Skirmishes between the Court on the one hand and the Executive or the Legislature on the other hand are not unknown. The Judiciary is often considered the custodian of the Constitution – to the protest of the elected. Scholars, some scholarly politicians and most politicians have termed the power of the judicial organ as the "tyranny of the unelected". Yet, over the years, history and experience show that the legitimacy of the judicial organ is akin to the legitimacy of the rule of law – the legitimacy of the Constitution.

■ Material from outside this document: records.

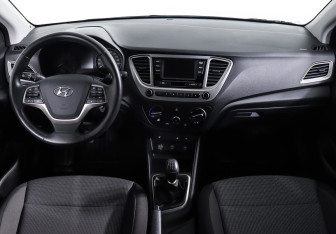 Подержанный автомобиль Hyundai Solaris Sedan 2019 года (11 фото)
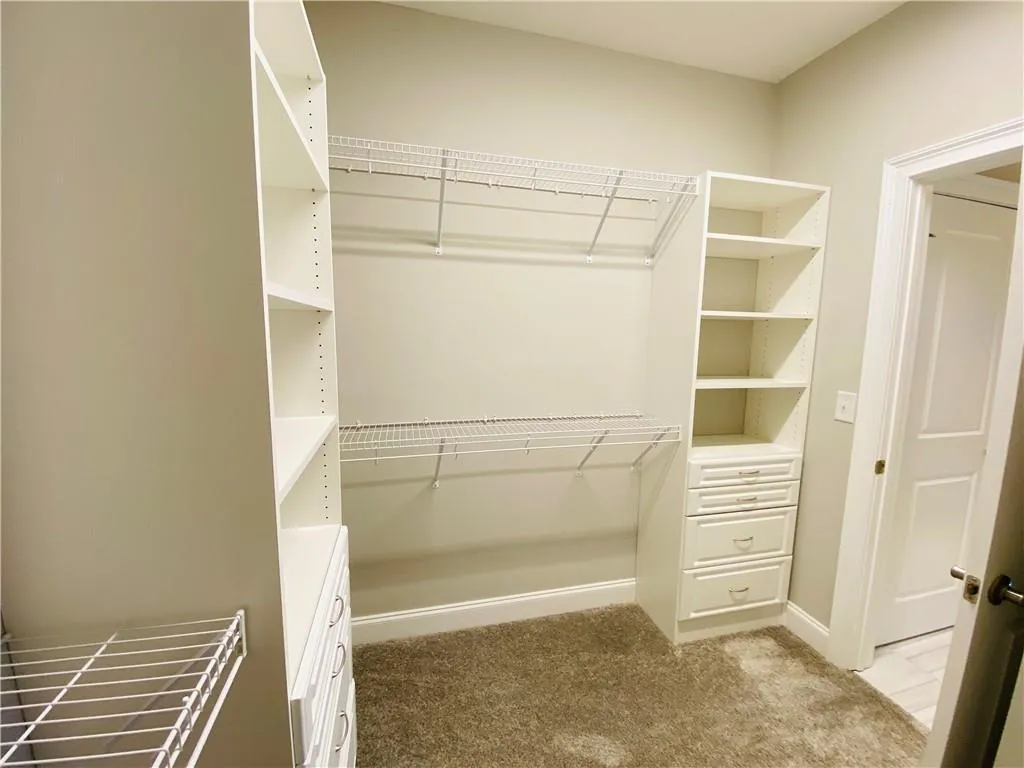 6564 Aria Village Drive Unit 627, Sandy Springs, Georgia 30328, 3 Bedrooms Bedrooms, ,4 BathroomsBathrooms,Residential,Sold,6564 Aria Village Drive Unit 627,7415742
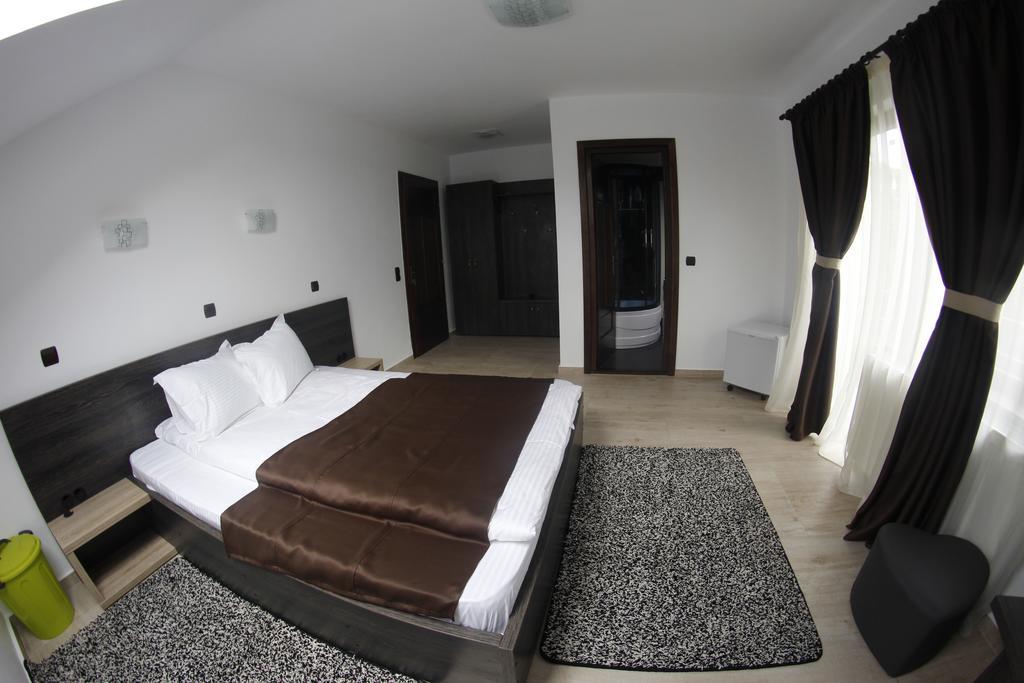 Casa Laur Cu Plaja Privata Hotel Colibiţa Exterior foto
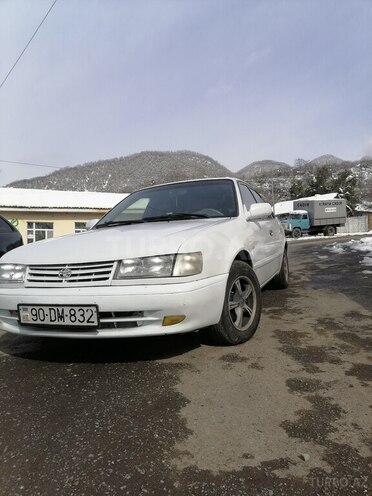 Toyota Corolla 2000, 458,623 km - 1.5 l - Qax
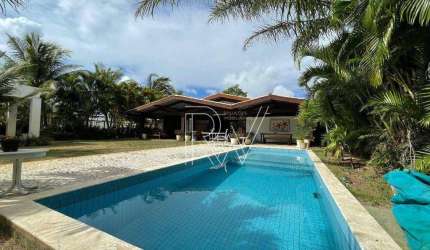 Casa alto padrão com 5 quartos, 4 suítes à venda, 390 m² por R$ 3.300.000 - Interlagos - Camaçari/BA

After the unanimous decision of the Supreme Court of the United States in Marbury[2] penned by Chief Justice Marshall, President Thomas Jefferson, in correspondence with Abigail Adams[3] lamented that "the opinion which gives to the judges the right to decide what laws are constitutional, and what not, not only for themselves, in their own sphere of action, but for the legislature & executive also, in their spheres, would make the judiciary a despotic branch."[4] At that time, Chief Justice Marshall's judgment in Marbury sent shock waves across the spectrum – for a powerful and independent judiciary was believed to be an anathema to a democracy. After Chief Justice Marshall's decision in Worcester[5] - where the Court struck down Georgia's legal system qua the Cherokees as being repugnant to the Constitution – President Jackson reportedly remarked "John Marshall has made his decision, now let him enforce it."[6] He even sent troops to evict the Cherokees and defeat the enforcement of the Court's decision.[7] In the early days of the long Presidency of Franklin Roosevelt, having to deal with the Great Depression, he initiated the New Deal legislations. However, much to his dismay the Court began striking down legislation. So he wanted to pack the Court. After the failure to launch the Judicial Reforms Procedure Bill, 1937 – whereby President Roosevelt sought to increase the number of Justices on the Bench to ensure that his New Deal legislation were not defeated – President Roosevelt was able to fill the vacancies on the Bench. Although the Court Packing plan failed, he was able to control the Court.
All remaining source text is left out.